These are interesting results. I had estimated the light output here using my light meter so I trust your numbers are accurate. Seeing your results I think it may be more accurate if I base my lumen output results by measuring the drive current than using my home brew light box. You can see my test rig below which is just the firefly flashlight connected to my multi meter. By measuring the amperage draw at each setting I'm able to more accurately predict the light output. In this test I discovered there is a big difference between the output when using an alkaline battery vs a NiMh battery also. As you can see the alkaline battery is not able to support as much current load on turbo. I measured the voltage sag under load of the alkaline at .76v when under load. As you can see these calculated results are not far off Harold's actual measurements when using an alkaline battery:

Moon: 1.8 lm (my light meter/box) | n/a (actual lab measurement) | 0.4 lm (calculated)
Mode 1: 19 lm (my light meter/box) | 9.5 lm (actual lab measurement) | 8.6 lm (calculated)
Mode 2: 76 lm (my light meter/box) | 31.1 lm (actual lab measurement) | 25.1 lm (calculated)
Mode 3: 276 lm (my light meter/box) | 124.6 lm (actual lab measurement) | 110.6 lm (calculated)






Here is the test rig. Here I have the current supplied to the LED going through my multimeter. I think there may be some extra resistance from the current passing through the multimeter that may throw off my results a bit. When I toggle between amperage resolutions I can see the LED brightness change which is throwing off my results a bit. I'm going to need a better multi meter with lower resistance to improve the accuracy of these results.




Here are my calculated results based on the S5 Bin XML2 that was previously used and the LED that Harold is measuring.




Here are my calculated results based on the 220LM bin of the Nichia 219B of which Manker bought the reel. To get these light output levels I changed the efficiency lm/w field based on the Nichia 219B datasheet. 

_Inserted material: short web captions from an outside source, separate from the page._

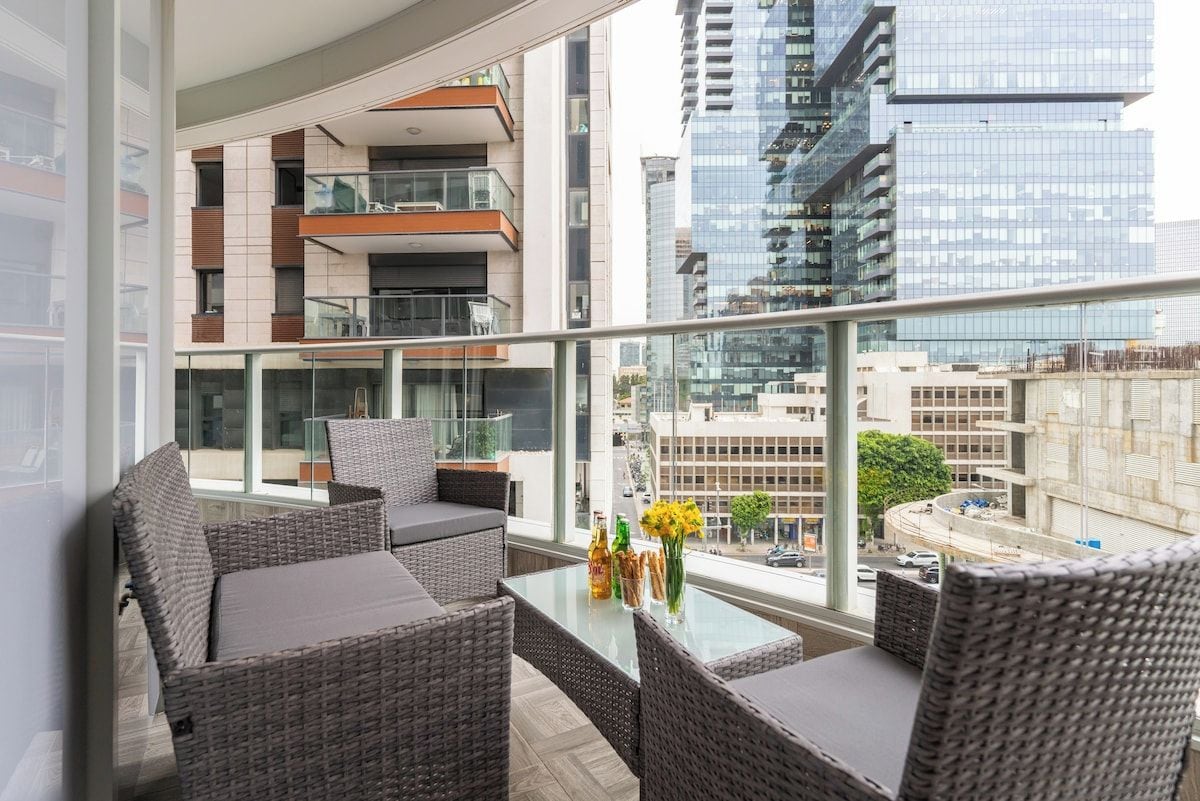 A balcony with wicker furniture, a glass table, and a view of the cityscape.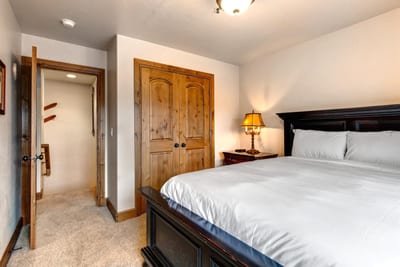 A second view of Guest Bedroom 1 shows its en suite bath access and spacious layout.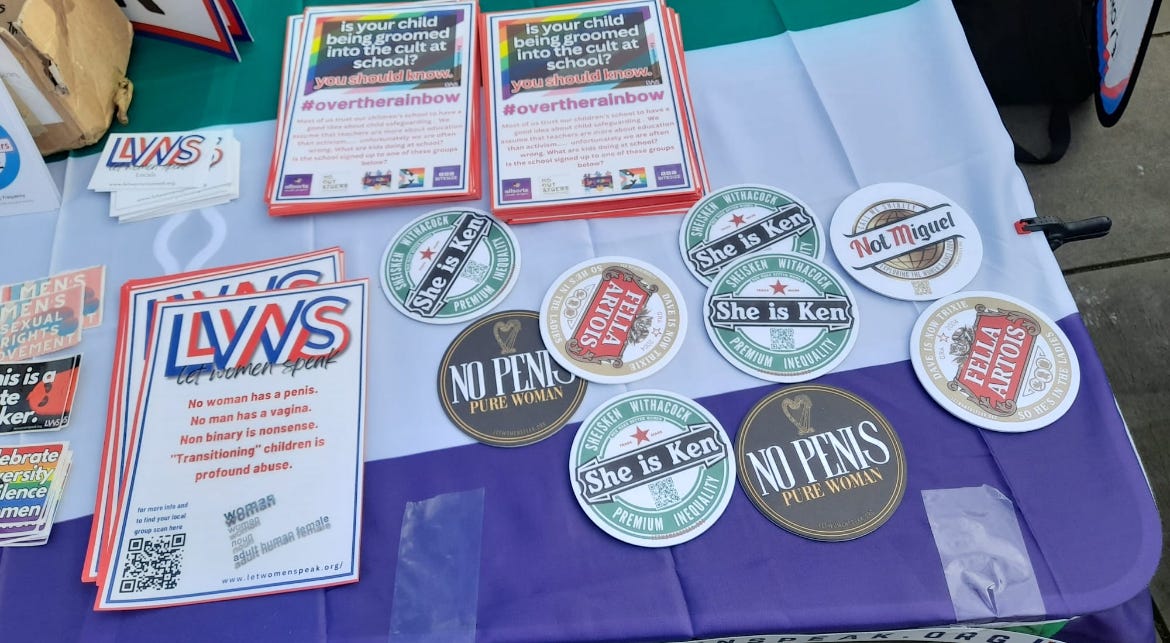Action shot of a diverse group of women engaging passersby at a locals table during a natural daylight community outreach event.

Here are my calculated results based on a U3 bin XM-L2 LED.


----------



## stephenk (Dec 1, 2015)

*Re: Re-Launched Firefly Flashlight Today on Kickstarter*



holygeez03 said:


> It seems like the prototypes might have contained a bad lot of LED emitters... considering the reports of terrible beam temp/tint quality and lower than expected output...


It is a bit of shame if the 3000k tint was dropped due to the examples used for testing possibly being faulty/bad emitters? (Unless of course if the batch used in the final product would also have been "faulty").


----------



## holygeez03 (Dec 1, 2015)

*Re: Re-Launched Firefly Flashlight Today on Kickstarter*



stephenk said:


> It is a bit of shame if the 3000k tint was dropped due to the examples used for testing possibly being faulty/bad emitters? (Unless of course if the batch used in the final product would also have been "faulty").




"Faulty" was probably the wrong word choice... What I meant was just a copy at the lower end of the quality tolerance range...


----------



## Mr Floppy (Dec 1, 2015)

*Re: Re-Launched Firefly Flashlight Today on Kickstarter*



stephenk said:


> It is a bit of shame if the 3000k tint was dropped due to the examples used for testing possibly being faulty/bad emitters? (Unless of course if the batch used in the final product would also have been "faulty").



Nah mate, I think people aren't used to the cct. 
Here's a high CRI xml2, roughly 2900K in a modded Malkoff drop in for mags 
http://s27.postimg.org/fmfvejnpv/11beamshot.jpg

That particular shot was driven at over 1.5A. Any less and it looks less bright and seems even more orange.

I was disappointed when the decision was made to go nichia, but I totally understand how much more of a niche market a warm light is going to be.


----------



## Harold_B (Dec 1, 2015)

*Re: Re-Launched Firefly Flashlight Today on Kickstarter*

I'm relieved to see some correlation in our data Josh. I had measured, recalibrated, measured, repeat, several times on two spheres plus repeated measurements using the portable spectrometer before taking it to a separate lab. It is very important to me to report accurate results even if it takes extra time. 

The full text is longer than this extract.